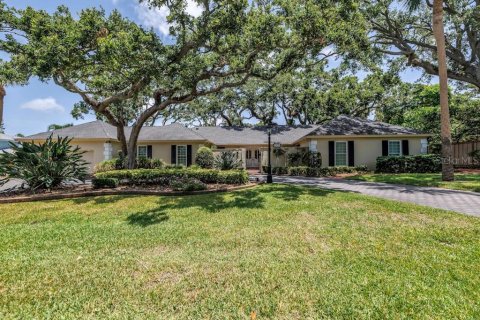House in Saint Petersburg, Florida 4 bedrooms, 305.37 sq.m. № 1873464 - photo 1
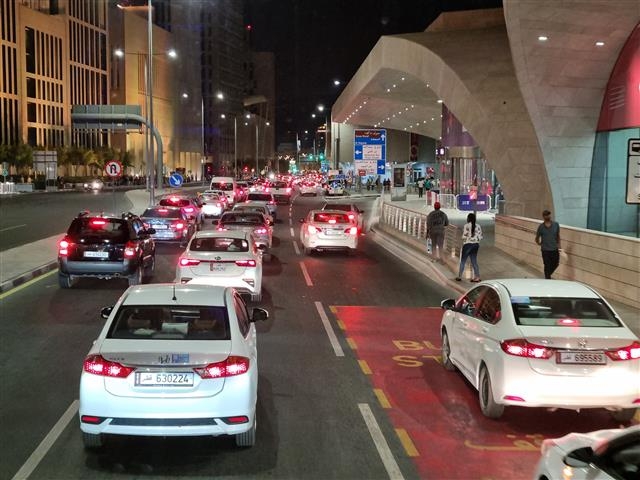 20일(현지시간) 2022 카타르월드컵 개막전이 열린 카타르 알코르의 알바이트 스타디움 주변 도로에 차량이 길게 늘어서 있다.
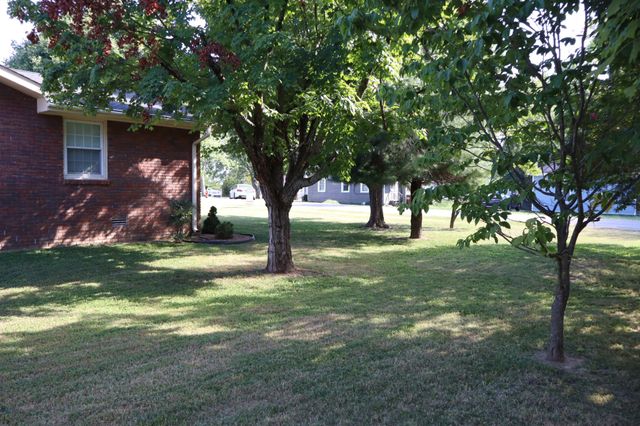 2409 Dabbs Ave, Old Hickory, TN 37138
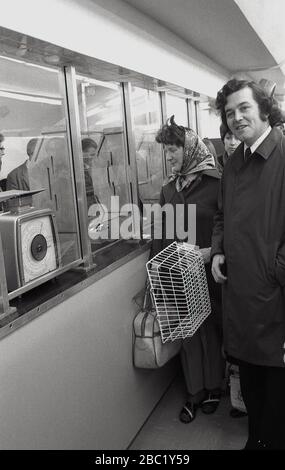 1970er Jahre, historisch, Menschen an einem Postschalter, mit Bildschirm, South London, England, Großbritannien. Stockfoto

━━━━━━━━━━━━━━━━━━━━━━━━━━━━━━

▶ _Exercise goal_: Beginning with the line that contains "2409 Dabbs Ave, Old Hickory, TN 37138" and ending with the last line of the data above, output those lines exactly and nothing more, without any pictures.

▶ _Task response_:
 2409 Dabbs Ave, Old Hickory, TN 37138
 1970er Jahre, historisch, Menschen an einem Postschalter, mit Bildschirm, South London, England, Großbritannien. Stockfoto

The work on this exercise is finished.